Given by IV infusion. It is a light-sensitive dye taken up into the vascular endothelium of the new vessels. Non-thermal laser is then applied, burning the abnormal vessels. Toxic free radicals destroy the vascular endothelial cells without damaging the overlying retina.
It was licensed in 2000 for the treatment of "wet age-related macular degeneration with predominantly classic neovascularisation" to treat the new vessels, which grow under the retina and distort vision.¹⁹

The neovascular membranes are identified by fluorescein angiography. Classic membranes are clearly delineated. Occult membranes are hidden underneath the retinal pigment epithelium. Some lesions may have both classic and occult components.
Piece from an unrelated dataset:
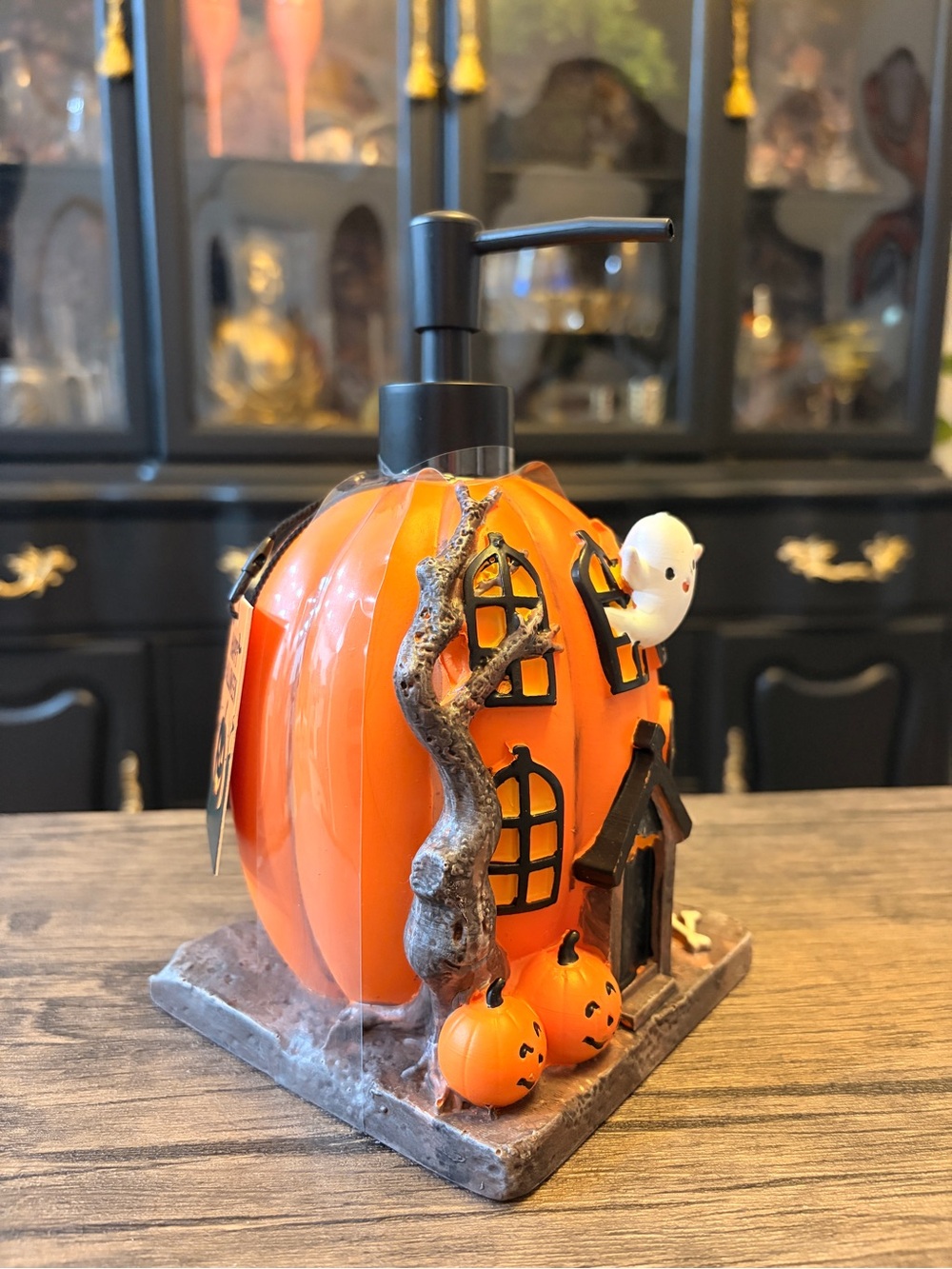 Halloween Pumpkin Soap Dispenser - large 8” x 4.5” - Picture 2 of 8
Photocoagulation of classic extrafoveal vessels (those not directly underneath the fovea at the centre of the macula) can delay the loss of vision in a small number of patients. However, most patients present with subfoveal membranes, and whilst photocoagulation can limit subsequent visual loss, it can cause immediate loss of central vision due to the concurrent destruction of the overlying retina. The most serious adverse outcome (within 7 days) is decrease in visual acuity which occurs in about 1 in 50 patients. Patients may need 5 treatments over 2 years.²⁰ Side-effects include visual disturbances, nausea, back pain, pruritus, hypercholesterolaemia and fever.